Сегодня мы решились на необычный ход. Если наши музыкальные театры находят возможным ставить спектакли, к музыке имеющие весьма отдаленное отношение, то почему бы оперному журналу не «побаловаться» неоперной литературой? К тому же содержание двух рассказов Аркадия Аверченко (1881 – 1925), что мы предлагаем вниманию наших читателей, как нельзя лучше подходят к случаю. В первом речь идет о «творчестве» современных деятелей искусства (и то, что с момента написания рассказа прошел век, ничуть не умаляет его остроту и актуальность), во втором – о нелегкой доле критика.

Крыса на подносе

— Хотите пойти на выставку нового искусства? — сказали мне.

— Хочу, — сказал я.
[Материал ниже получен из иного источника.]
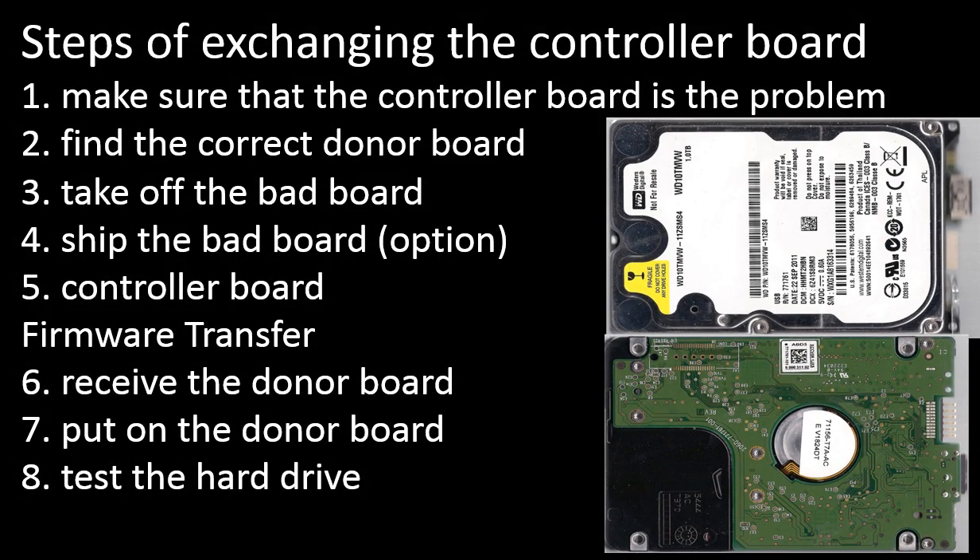To fix a hard drive by replacing the controller board, there are the following eight steps: 1. Make sure that the controller board is the problem. 2. Find the correct donor board. 3. Take off the bad board. 4. Ship the bad board. 5. Controller board firmware transfer.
Пошли.

I

— Это вот и есть выставка нового искусства? — спросил я.

— Эта самая.

— Хорошая.

Услышав это слово, два молодых человека, долговязых, с прекрасной розовой сыпью на лице и изящными деревянными ложками в петлицах, подошли ко мне и жадно спросили:

— Серьезно, вам наша выставка нравится?

— Сказать вам откровенно?

— Да!

— Я в восторге.

Тут же я испытал невыразимо приятное ощущение прикосновения двух потных рук к моей руке и глубоко волнующее чувство от созерцания небольшого куска рогожи, на котором была нарисована пятиногая голубая свинья.

— Ваша свинья? — осведомился я.

— Моего товарища. Нравится?

— Чрезвычайно. В особенности эта пятая нога. Она придает животному такой мужественный вид. А где глаз?

— Глаза нет.

— И верно. На кой черт действительно свинье глаз? Пятая нога есть — и довольно. Не правда ли?

Молодые люди, с чудесного тона розовой сыпью на лбу и щеках, недоверчиво поглядели на мое простодушное лицо, сразу же успокоились, и один из них спросил:

— Может, купите?

— Свинью? С удовольствием. Сколько стоит?

— Пятьдесят...

Было видно, что дальнейшее слово поставило левого молодого человека в затруднение, ибо он сам не знал, чего пятьдесят: рублей или копеек? Однако, заглянув еще раз в мое благожелательное лицо, улыбнулся и смело сказал:

— Пятьдесят ко... рублей. Даже, вернее, шестьдесят рублей.

— Недорого. Я думаю, если повесить в гостиной, в простенке, будет очень недурно.

— Серьезно, хотите повесить в гостиной? — удивился правый молодой человек.

— Да ведь картина же. Как же ее не повесить!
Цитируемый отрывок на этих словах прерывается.